Without pictures, retype the following entries exactly.

= = =

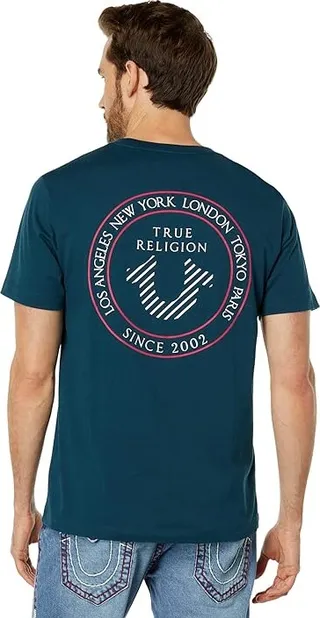 True Religion City Stamp Short Sleeve Tee (Reflect Pond) Men's Clothing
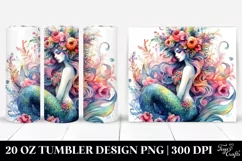 Vibrant Mermaid Floral Wreath | 20 oz Tumbler Product Image 1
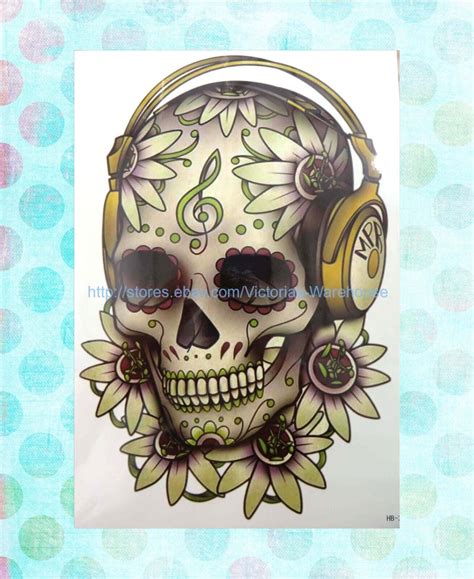 Colorful Sugar Skull Tattoos For Men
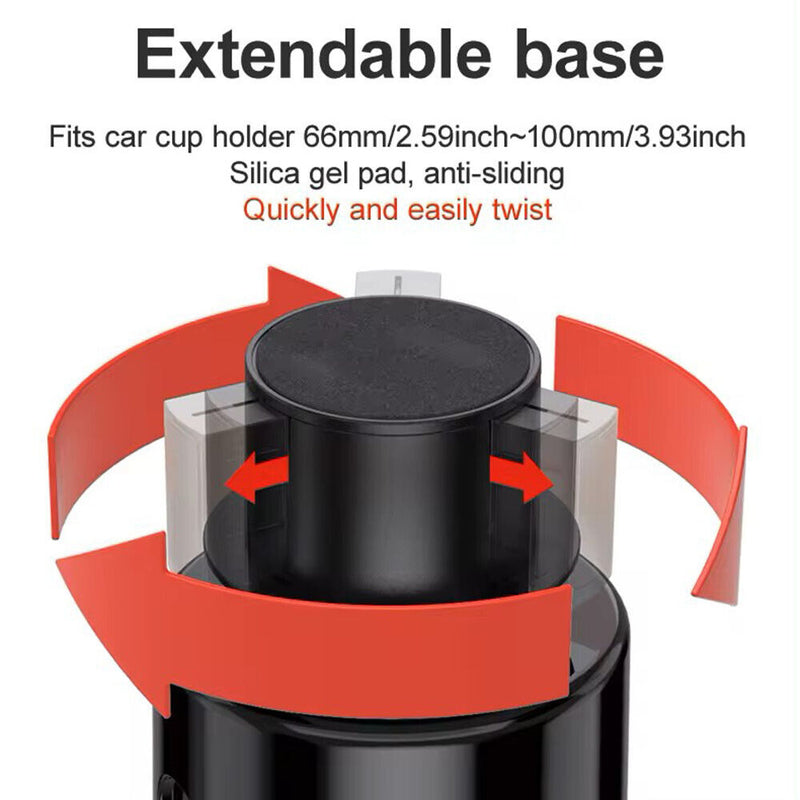 Car Cup Holder Expander Adapter Adjustable Base Universal for Large Bottles Mugs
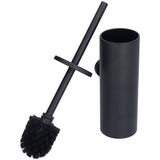 Toilet Brush with Holder Stainless Steel Long Handle Toilet Bowl Brush Soft Toilet Brush Toilet Cleaning Brush SetBlack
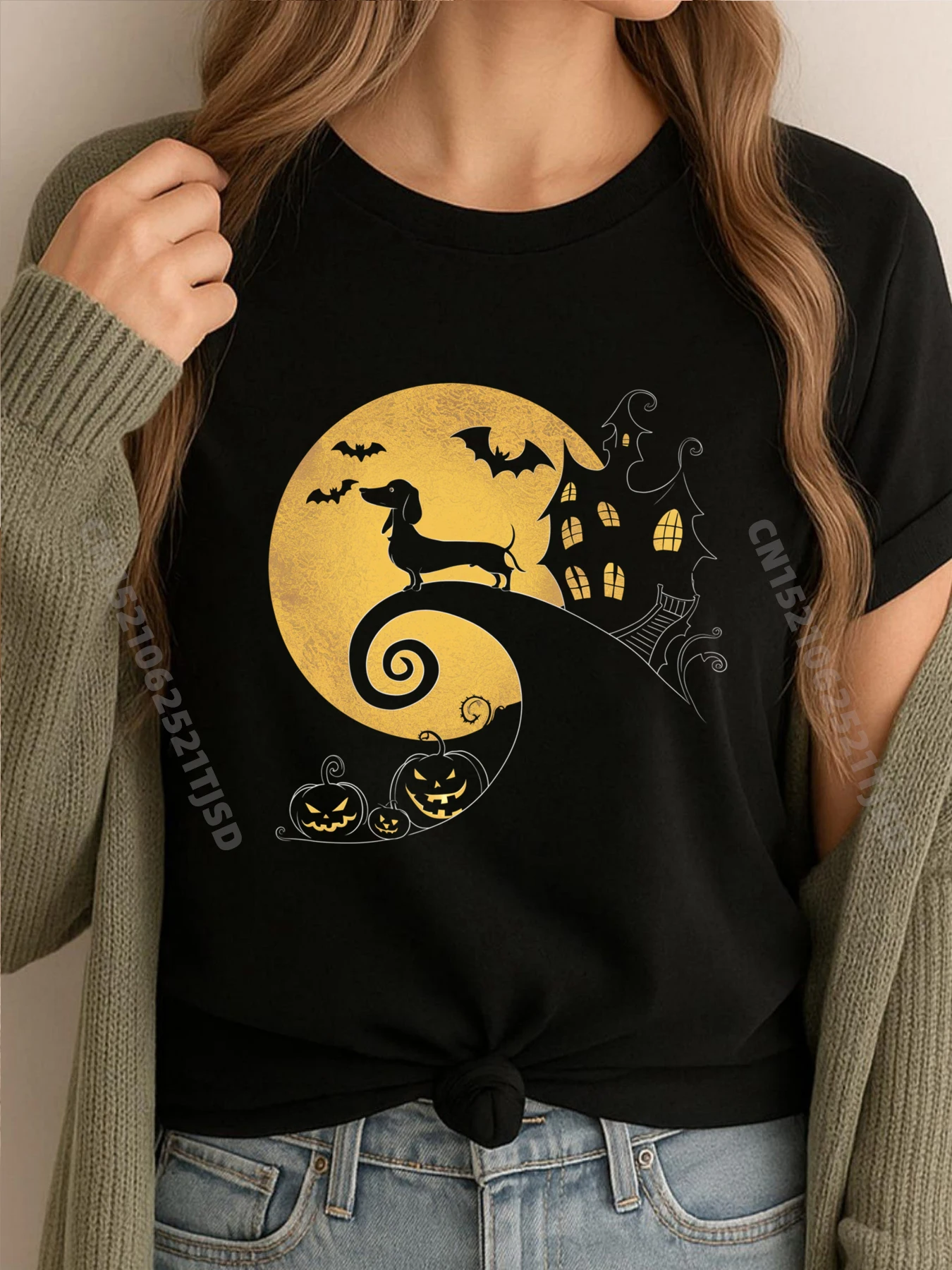 

Хэллоуин такса Weenie Wiener Moonshine колбаса собака забавные футболки футболка с принтом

= = =

- _Solution for this problem_
 True Religion City Stamp Short Sleeve Tee (Reflect Pond) Men's Clothing
 Vibrant Mermaid Floral Wreath | 20 oz Tumbler Product Image 1
 Colorful Sugar Skull Tattoos For Men
 Car Cup Holder Expander Adapter Adjustable Base Universal for Large Bottles Mugs
 Toilet Brush with Holder Stainless Steel Long Handle Toilet Bowl Brush Soft Toilet Brush Toilet Cleaning Brush SetBlack

Хэллоуин такса Weenie Wiener Moonshine колбаса собака забавные футболки футболка с принтом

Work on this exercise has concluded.